··· Data shown

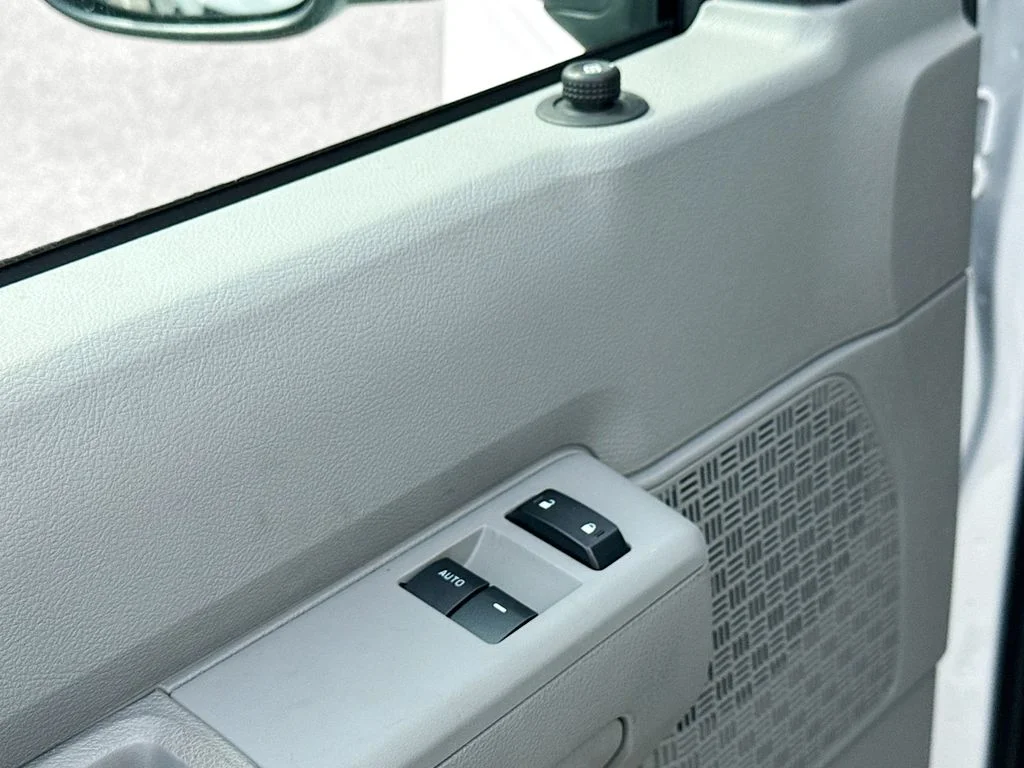 New 2026 Oxford White Ford E-450 DRW image 17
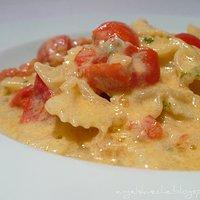 Farfalle in Tomaten-Roquefort-Soße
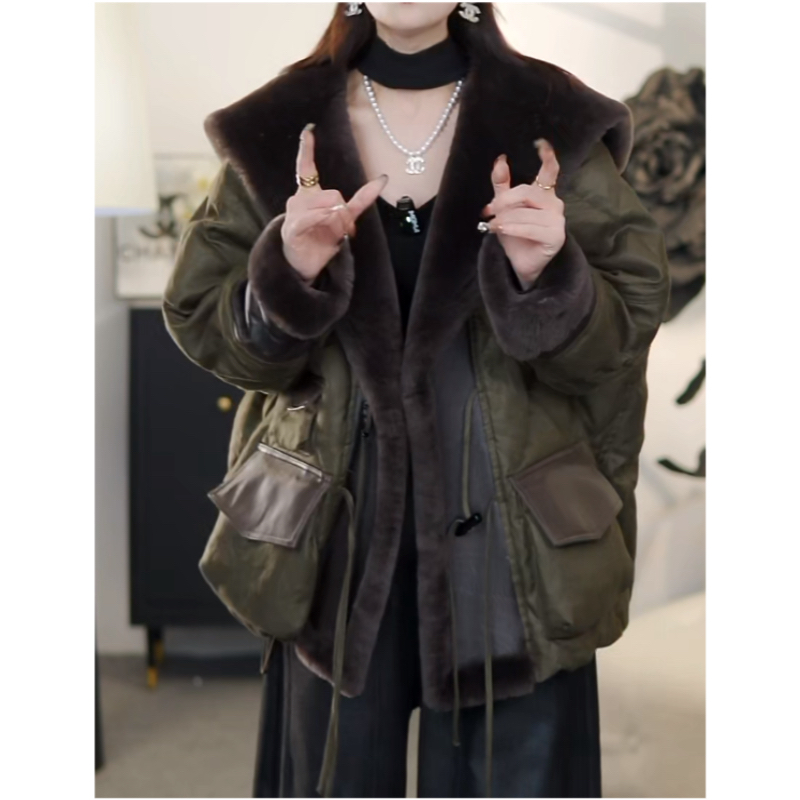 新款鹅绒羽绒服厚款轻奢大翻领休闲皮草拼接高级感时尚外套上衣女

······

# [Problem statement]
Give again exactly the lines from the one that contains "Farfalle in Tomaten-Roquefort-Soße" through the end of the material, both ends included, omitting the pictures.

# [Task solution]
 Farfalle in Tomaten-Roquefort-Soße
 新款鹅绒羽绒服厚款轻奢大翻领休闲皮草拼接高级感时尚外套上衣女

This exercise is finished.